Depreciation Insurance
Insurance under which there is payable in case of loss, the difference between the actual cash value of the loss to the property insured and the cost of replacing or rebuilding it in like size and of similar construction.
Depreciation insurance (Property Insurance)
Insurance that provides for the replacement value of property that has been damaged. Depreciation is not subtracted from the value of the item.

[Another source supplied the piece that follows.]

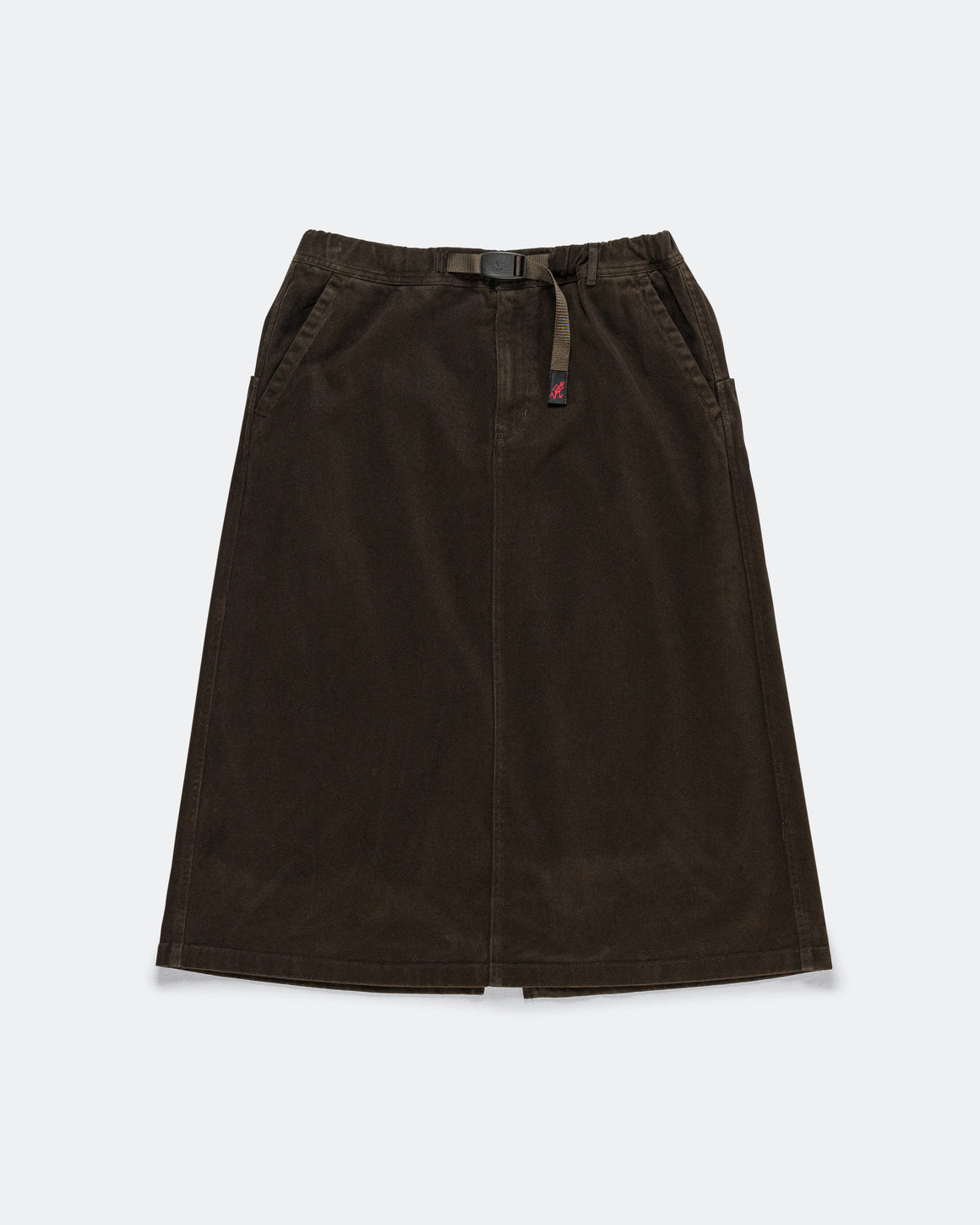 Gramicci - Venture Skirt - Coffee - UP THERE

Depreciation Reimbursement Riders for Motor Insurance
The depreciation under the standard policies for replacement of parts damaged in an accident covered under the policy is being waived under this add-on. However, the add on is sometimes conditional to the age of vehicles being below 3 years and not more than two OD claims having been lodged during the policy perod. The repair of the vehicle to be done at the insurers approved repairer. The deductibles under the policy will be applicable. (a) The variations among insurers may be on partial reimbursement, if repairs at insured’s regular repairer. (b) A restriction on the maximum claims for this benefit in a policy year (c) Tyres and batteries would be excluded.
Depression
A Region of low barometric pressure in high or mid-latitudes. Also called cyclone or low a large body of rotating and rising air below normal atmospheric pressure which often brings rain.
Derelict
Failing in one’s duty.
Derivative
A financial instrument that derives its value from an underlying asset (equity, bon or commodity) or an underlying index. A weather derivative is linked to an index derived from a weather variable such as temperature and addresses the volume risk of weather-sensitive firms. Financial derivatives are used as a tool to manage financial price risks. They consist of: forward contracts, tailor-made contracts to eliminate the risk of some form of price uncertainty; futures contracts, exchangetraded standard forward contracts; swaps, a package of forward contracts simultaneously arranged; options, financial markets equivalent of an insurance policy. These contracts allow entities to hedge against future price changes or take positions to offset the impact of unwelcome price changes or other specified conditions.
Derivative file
Subset from an original identifiable file.